Required action =
Repeat exactly the line that contains "VEVOR Artificial Olive" and every line after it, down to the last line of the entries below. Do not include pictures.

= = = =

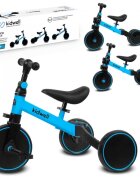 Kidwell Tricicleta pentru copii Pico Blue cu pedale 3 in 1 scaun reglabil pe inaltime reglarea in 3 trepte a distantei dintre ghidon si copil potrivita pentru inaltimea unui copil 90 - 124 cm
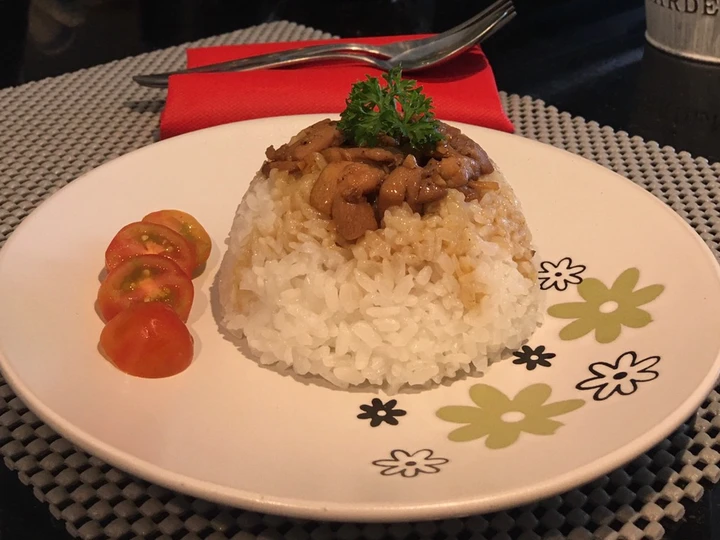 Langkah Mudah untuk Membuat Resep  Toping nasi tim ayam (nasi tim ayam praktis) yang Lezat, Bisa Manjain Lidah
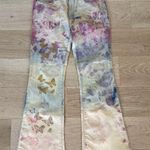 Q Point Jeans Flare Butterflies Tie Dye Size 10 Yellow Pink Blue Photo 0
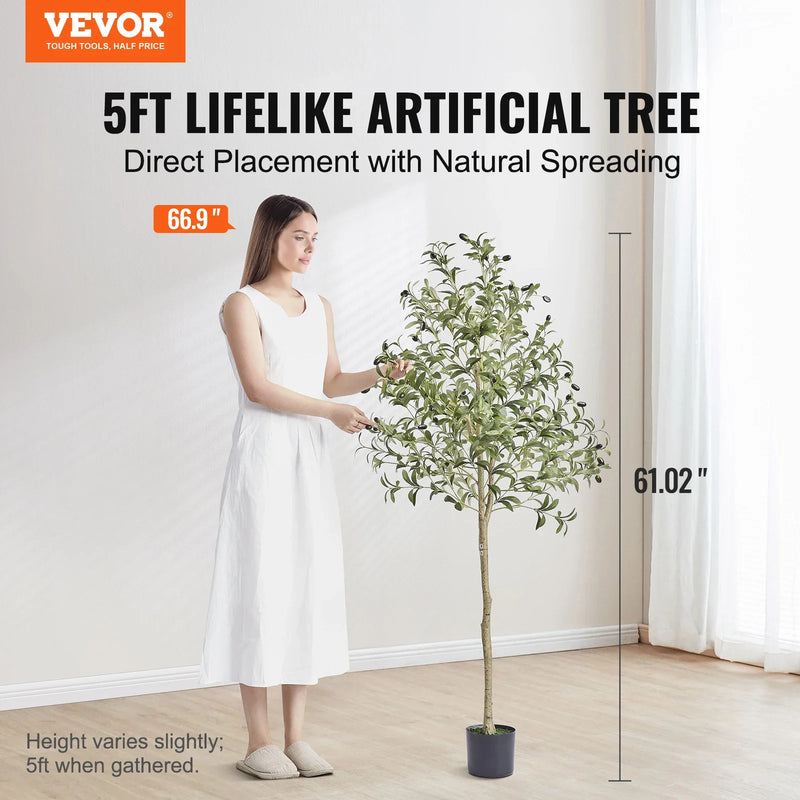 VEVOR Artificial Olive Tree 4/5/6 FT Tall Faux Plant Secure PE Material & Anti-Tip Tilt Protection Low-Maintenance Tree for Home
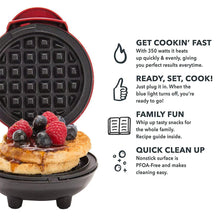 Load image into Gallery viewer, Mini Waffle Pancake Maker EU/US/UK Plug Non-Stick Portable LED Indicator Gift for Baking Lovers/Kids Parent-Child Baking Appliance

= = = =

Solution to this exercise =
 VEVOR Artificial Olive Tree 4/5/6 FT Tall Faux Plant Secure PE Material & Anti-Tip Tilt Protection Low-Maintenance Tree for Home
 Load image into Gallery viewer, Mini Waffle Pancake Maker EU/US/UK Plug Non-Stick Portable LED Indicator Gift for Baking Lovers/Kids Parent-Child Baking Appliance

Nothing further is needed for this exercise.